“Hampir setiap hari operasi yustisi itu dikerjakan untuk mendeteksi di mana-mana titik-titik yang dimungkinkan akan berkembang dan yang sedang berlangsung radikalisme,” sambung dia.

Pada giat ini, masyarakat Kota Surabaya diajak berpartisipasi untuk pembinaan bahaya paham radikalisasi terorisme. Edukasi juga menyasar kaum pelajar dengan menggelar diskusi hingga seminar nasional.

“Nah setelah itu kami memberikan pemahaman-pemahanan bahwa itu tidak benar, kemudian cara-cara penanggulangannya, itu yang dilakukan,” terang dia.

Kata Rudi, salah satu upaya petugas menangkal penyebaran radikalisasi pun digabungkan dengan kegiatan sosial kemasyarakatan seperti kegiatan juru pemantau jentik (Jumantik).

“Kami pernah pura-pura untuk ngecek program nyamuk jumantik dan program penyemprotan, yang penting kami bisa masuk (ke masyarakat) untuk melihat,” ujarnya.

Mendorong masyarakat melakukan pemberantasan sarang nyamuk secara rutin itu dilakukan sekaligus memantau penyebaran paham radikalisme.

Menurut Rudi, cara pemantauan tersebut cukup jitu lantaran dilakukan secara pendekatan lunak dengan berbaur besama anggota masyarakat yang secara sukarela memantau keberadaan jentik nyamuk.

“Sebenernya ini bukan programnya radikalisme, tapi bagaimana kami bisa masuk. Saya informasikan beberapa masyarakat itu tertutup ya, rumahnya dikunci, digembok, tapi dia target kami,” bebernya.

Bahkan lanjut Rudi, jajaranya terus memantau keberadaan dan aktifitas kelompok yang dianggap radikal usai peristiwa Mei 2018 lalu. Penanganan dilakukan untuk level katagori hijau hingga katagori kuning.

Dia mengatakan pembagian level aktifitas kelompok tersebut merupakan pemetaan dari Detasemen Khusus (Densus) 88 Antiteror Polri. Satuan tugas Antiteror tingkat kota bersama pemerintah daerah ikut membantu memantauan level rendah hingga menengah.

“Pasca-bom 13 dan 14 Mei itu, kami membuat Satgas Antiteror untuk bantu temen-temen Densus 88, kami yang level hijau ke kuning,” ungkapnya.

Rudi tak menjabarkan berapa besar jumlah kelompok terduga terorisme itu. Ia hanya memastikan data intelijenbuang dimiliki berfungsi agar suasana lingkungan masyarakat tetap kondusif.

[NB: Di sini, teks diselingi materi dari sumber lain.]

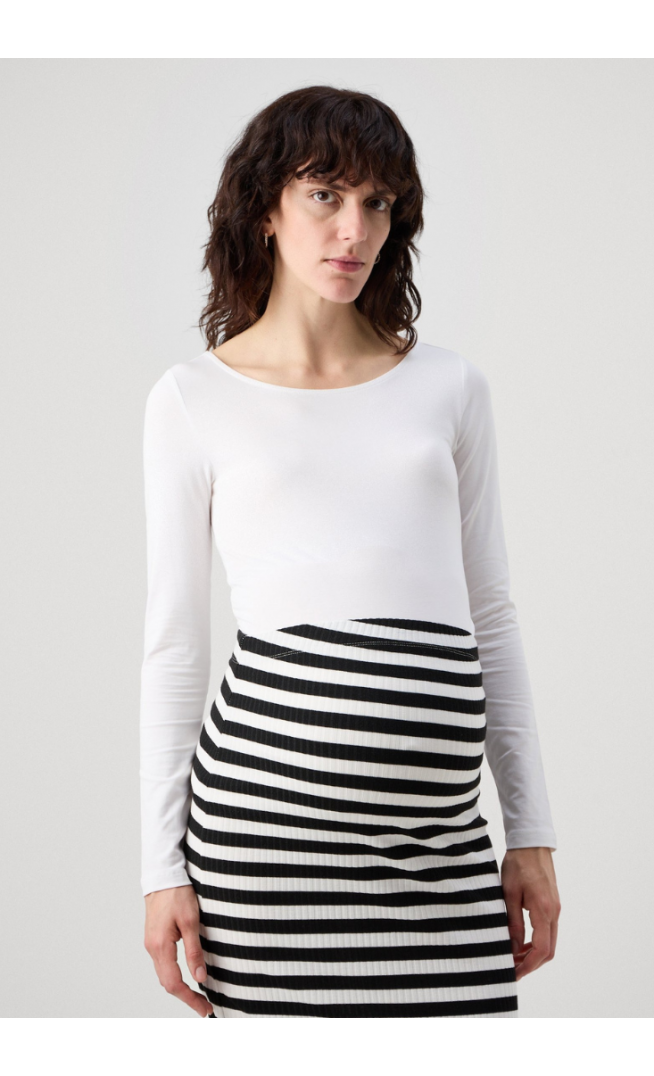 Anna Field MAMA - Long sleeved top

“Kami bantu dengan memantau yang bibit lah, atau yang jaraknya 10 Km dari target utama,” ujarnya.

Rudi menambahkan, kontra radikalisasi terorisme juga dilakukan di dunia maya. Komunitas media sosial pun diajak bekerja sama untuk melawan berita bohong dan menyesatkan.

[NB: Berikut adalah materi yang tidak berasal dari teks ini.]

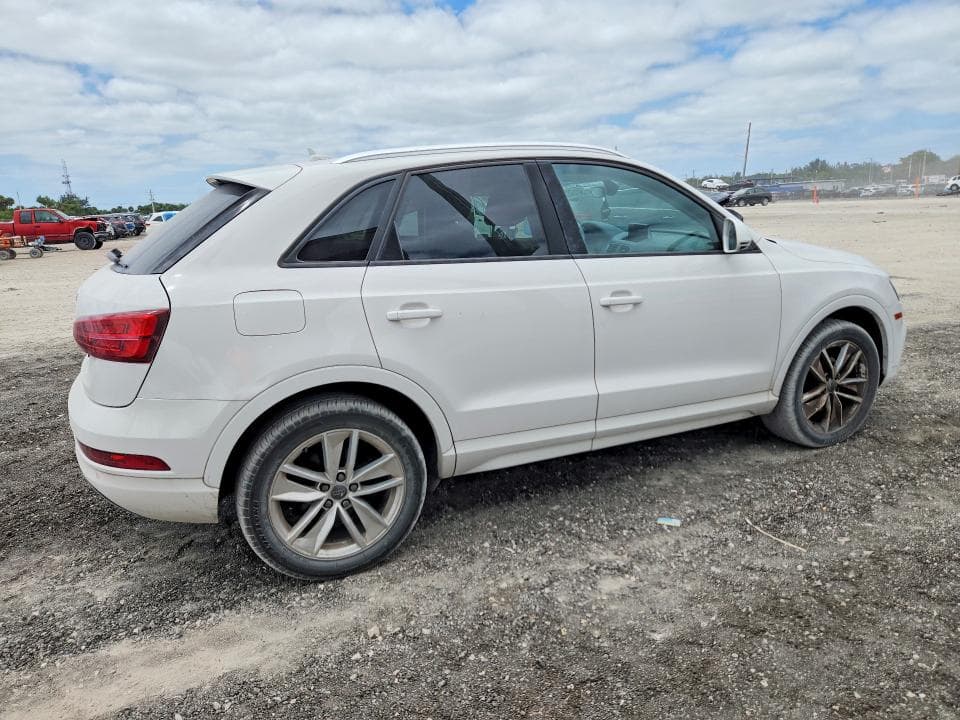 2017 AUDI Q3 PREMIUM 3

“Pronsipnya daripada kita diserang, kita menyerang duluan. Jadi di media sosial kami juga berperang di sana, grup netizen kami selalu mengkampanyekan bahwa paham-paham itu tidak benar,” ujarnya.

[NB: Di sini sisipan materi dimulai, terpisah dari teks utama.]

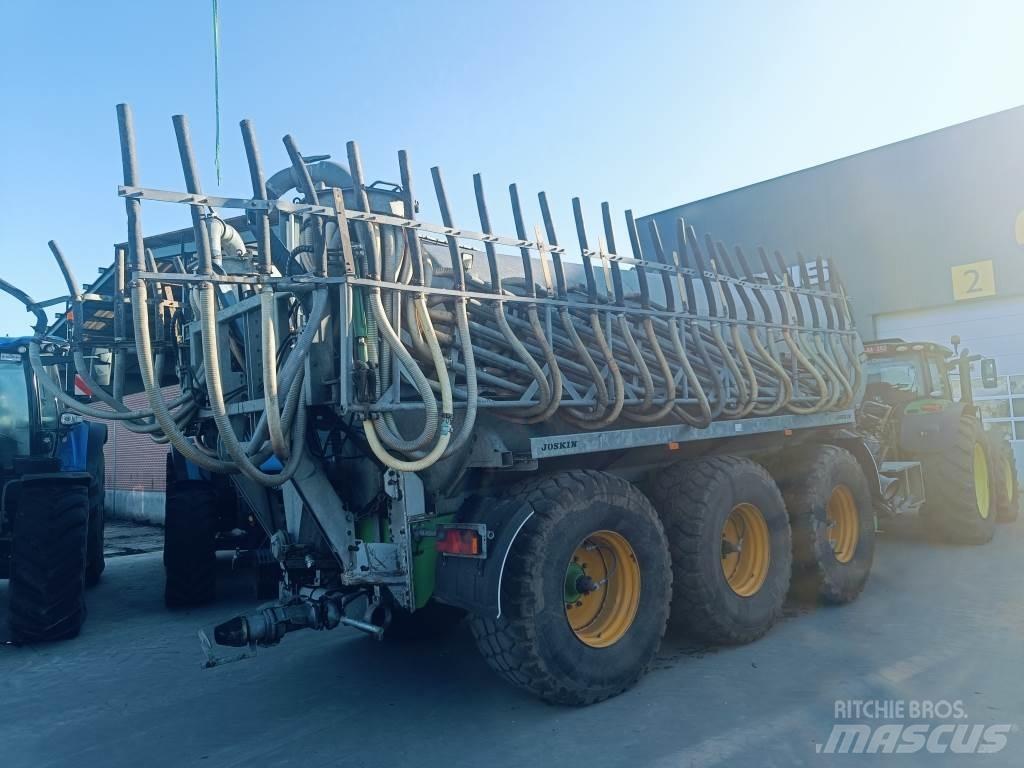 Vogelsang 15000 Інші машини для розсіювання добрив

Kelompok mahasiswa juga direkrut untuk menyebarkan pemahaman yang baik kepada masyarakat. Cara kampanye ini dinilai efektif lantaran jumlah personel humas Polrestabes Surabaya yang terbatas.

“Kalangan mahasiswa direkrut dan dibayari kosnya, itu kita selalu membuat edukasi di sana, jangan cepat mau ikit rayuan-rayuan yang endingnya akan menanamkan benih-benih tadikalisme di diri manusia,” tandasnya.